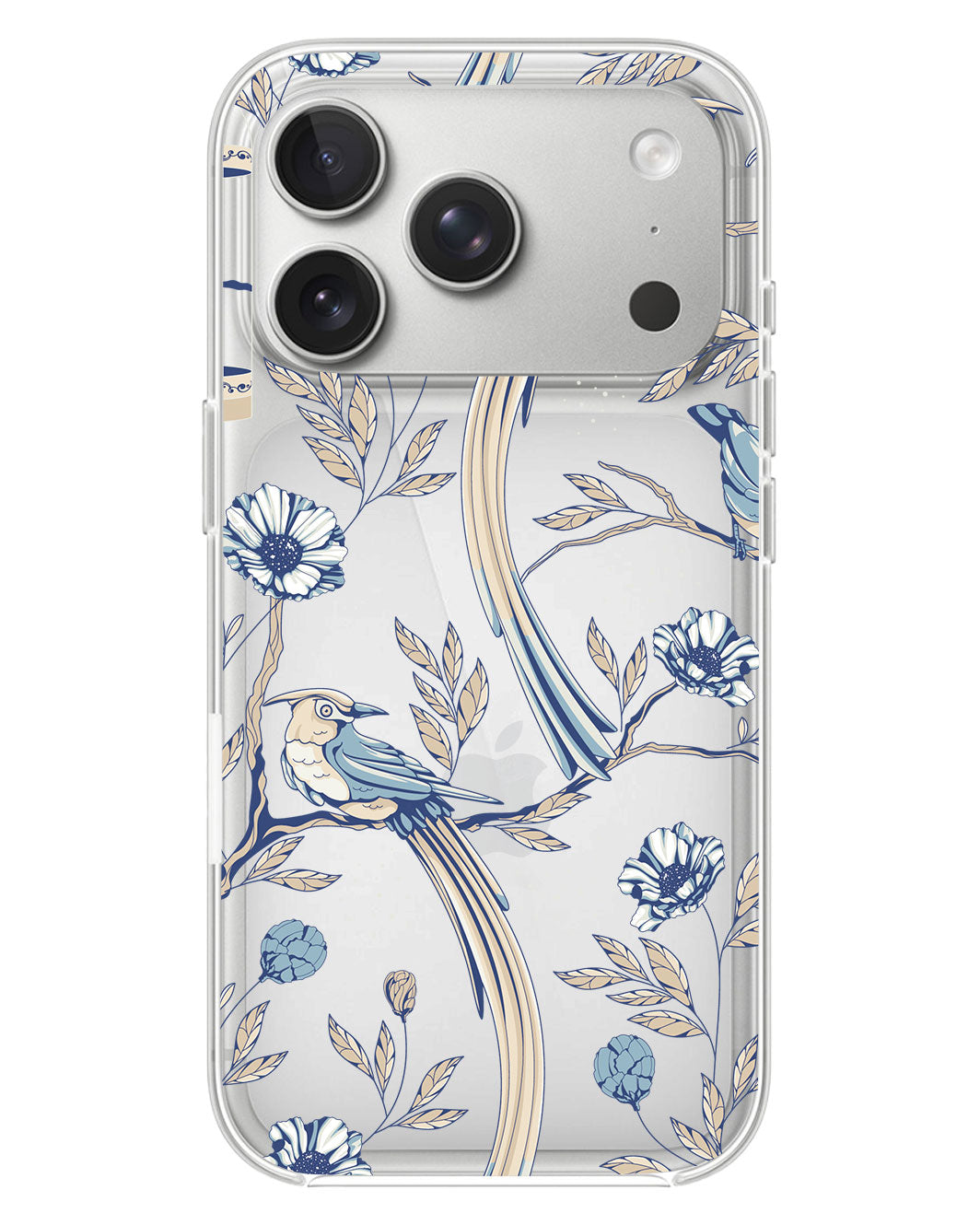 iPhone Rearguard Hybrid - Lovebird 5.0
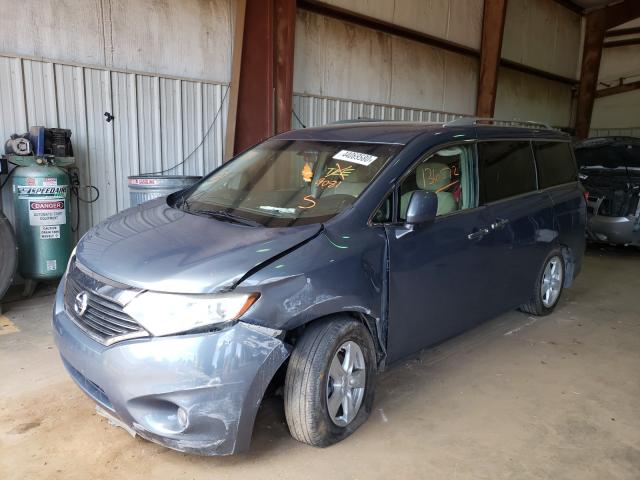 Photo 1 VIN: JN8AE2KP5B9009081 - NISSAN QUEST S 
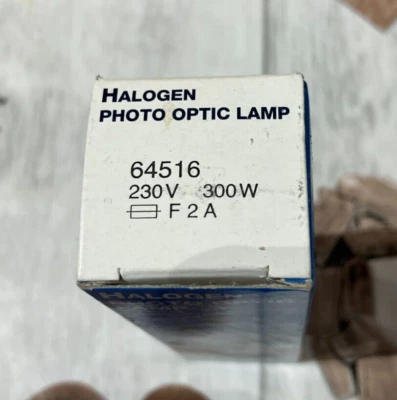 Osram 64516 230V 300W F2A bulb lamp - Image 1 of 2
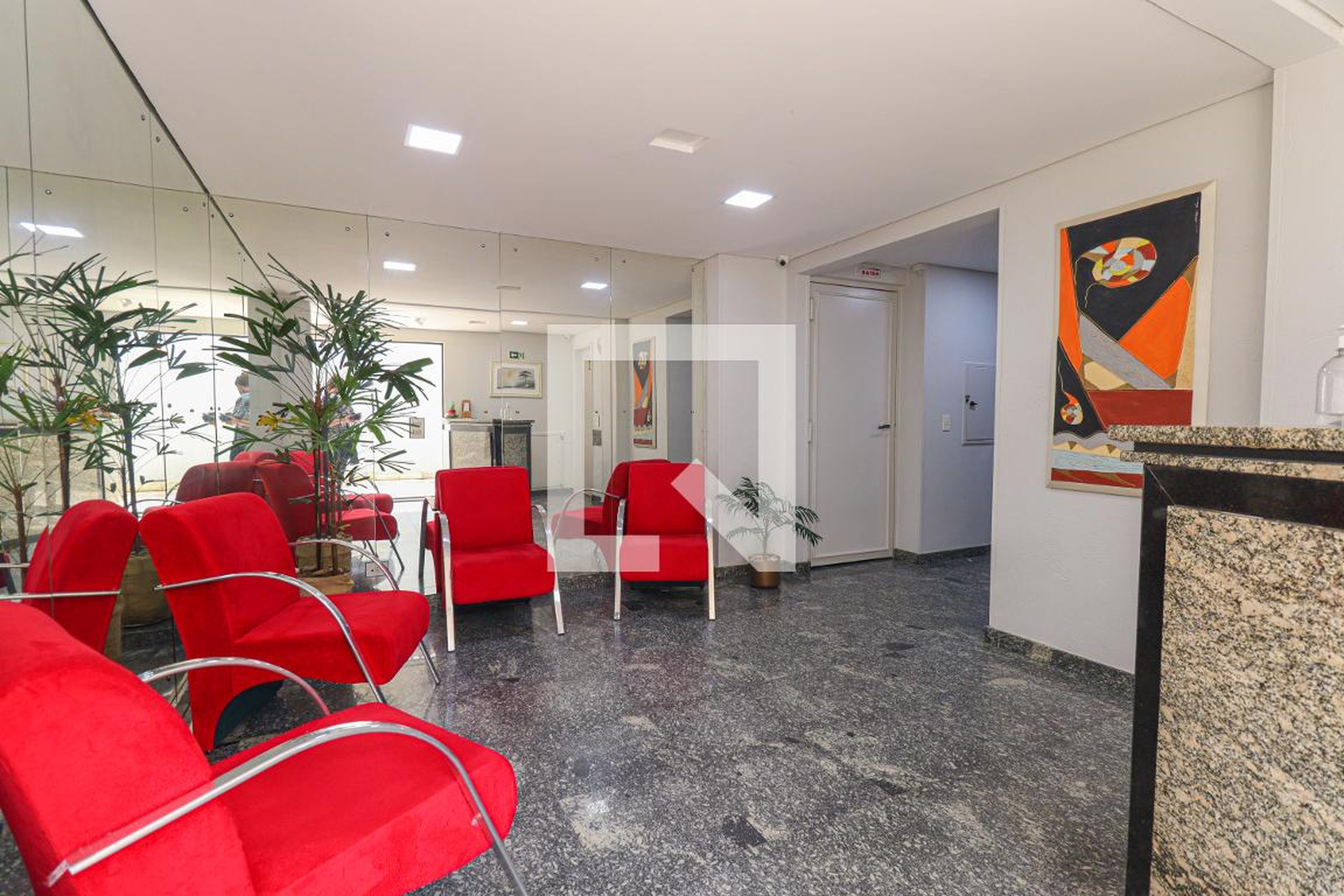 Hall social - Vila Leopoldina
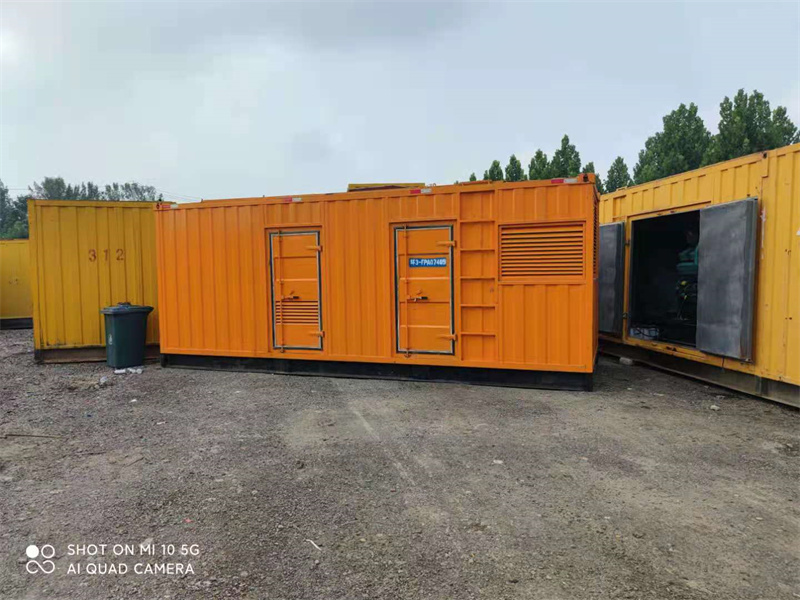 湘潭分享一些发电机组日常维护和保养的注意事项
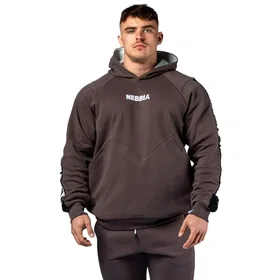 Nebbia Training Hero 300 Hoodie (Herr)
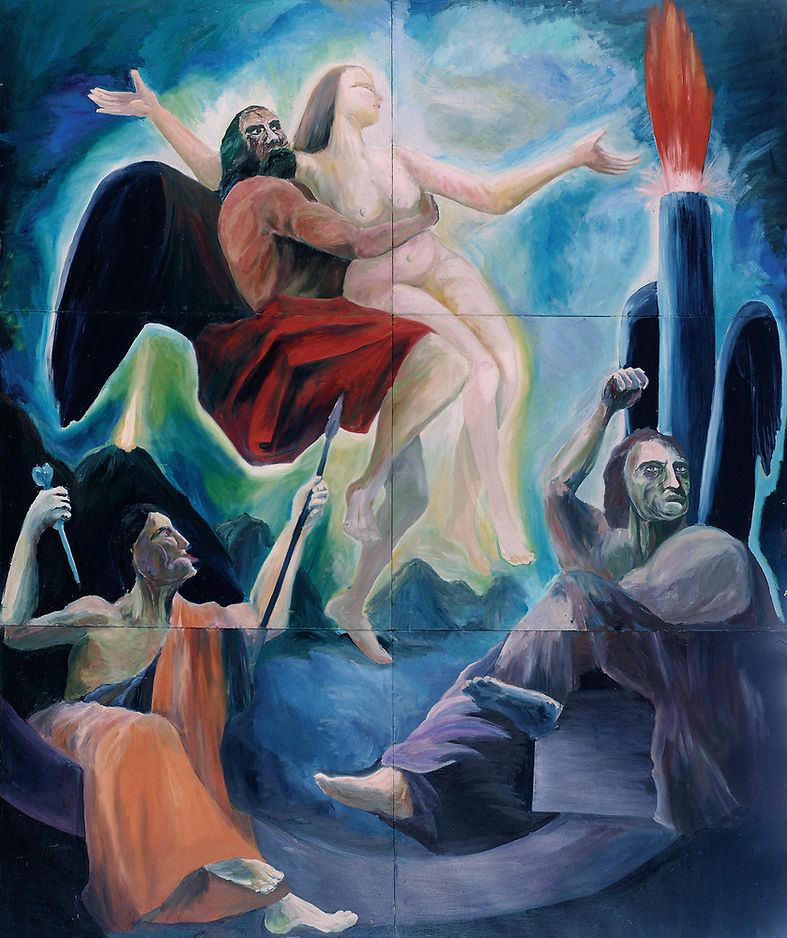 Enlèvement de Niewinnej_1986_Dowgiallo.jpg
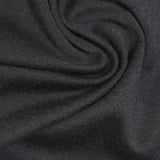 Dark Grey Marl Ponte Knit, Polyester, 250 gsm — photo 1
———
• **What you are asked to do**:
Your copy must hold every record above in its exact wording and must hold no pictures.

• **Output for this task**:
 iPhone Rearguard Hybrid - Lovebird 5.0
 Photo 1 VIN: JN8AE2KP5B9009081 - NISSAN QUEST S 
 Osram 64516 230V 300W F2A bulb lamp - Image 1 of 2
 Hall social - Vila Leopoldina
 湘潭分享一些发电机组日常维护和保养的注意事项
 Nebbia Training Hero 300 Hoodie (Herr)
 Enlèvement de Niewinnej_1986_Dowgiallo.jpg
 Dark Grey Marl Ponte Knit, Polyester, 250 gsm — photo 1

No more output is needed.